Beginners often ask: How do I estimate the amount of thread needed for each color in a project?
There isn’t a hard and fast rule for this because the amount you need per square inch varies with the mesh size, thread, and stitch. This method works to figure out how much yarn you use per square inch for any thread and any project. It does require a bit of stitching and some simple arithmetic.
Helpful Hint: If you have a thread notebook, write down your amount per square inch. Then you can use it the next time you use that thread.
Begin by marking on a canvas the same mesh size a 1-inch square block. So, for example, if you were working on 14 mesh, this would be a 14 x 14 block.
Now take the thread you will be using, any color will do, and cut it into a bunch (5 or so) of 18″ lengths.
With those threads, start to stitch the square in the stitch you will be using.

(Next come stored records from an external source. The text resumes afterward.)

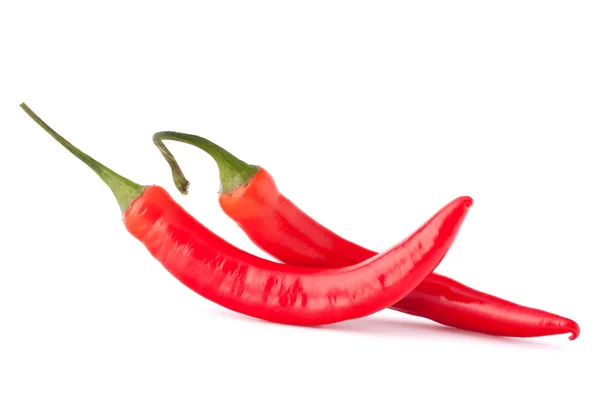 Horké červené chilli nebo chilli papričky — Stock fotografie
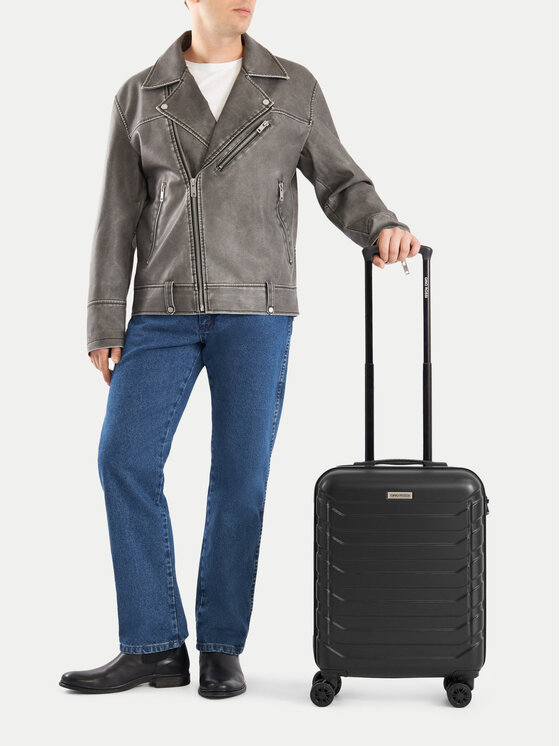 GINO ROSSI Gino Rossi Kabinbőrönd GIN-S-001-05-BLACK Fekete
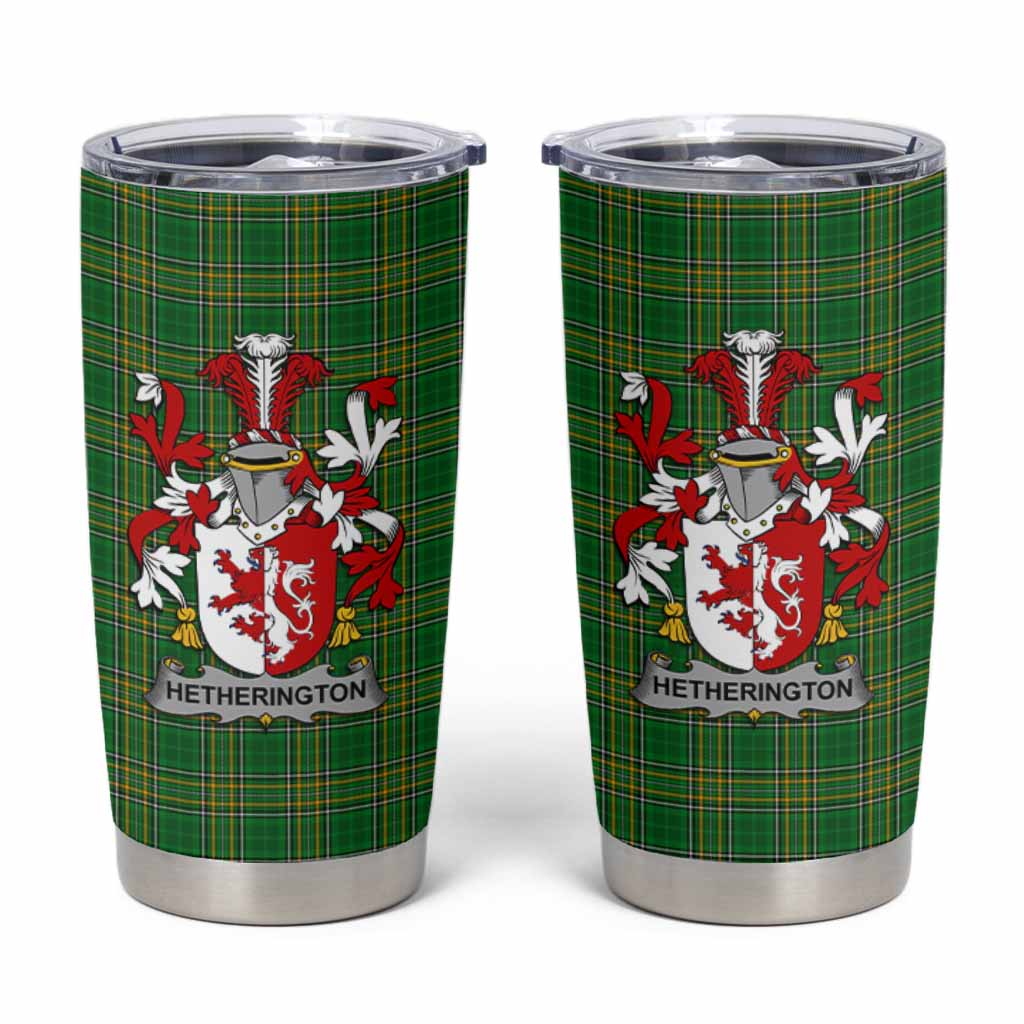 Hetherington Irish Coat of Arms Insulated Tumbler Cup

Stitch the whole 1″ square and keep track of the number of the cut threads you use.
Divide that number by 2 and round up if there is a remainder. This number tells you how many yards it takes to stitch one inch.
Take the number of yards it takes to stitch an inch and divide the number of yards in one package of the thread. Always round up. Then add 20%. This tells you how many inches you can stitch with one package.
Now you need to figure out how many square inches there are of each color. That is trickier because the colors could be dispersed all around the piece. But you have a good tool to estimate in your hand.
The middle section of your thumb is about an inch. And your fist covers about 5 square inches. You can use this to estimate the extent of the colors. This will always be a rough estimate, but it works for our puposes.
You don’t need to do this for every color. Since you can’t buy half a skein of thread, then any color where you have less than a skein’s worth of square inches, you buy one package.
After you have figured out the square inches in a project, divide that number by the number of inches per package. This will tell you how many packages you need to buy.
Because we rounded up and added in the 20% overrun, this should give you enough thread to do the project. The overrun is there to give you some wiggle room as well as to cover starts and tops of the thread as well as tearing out for mistakes.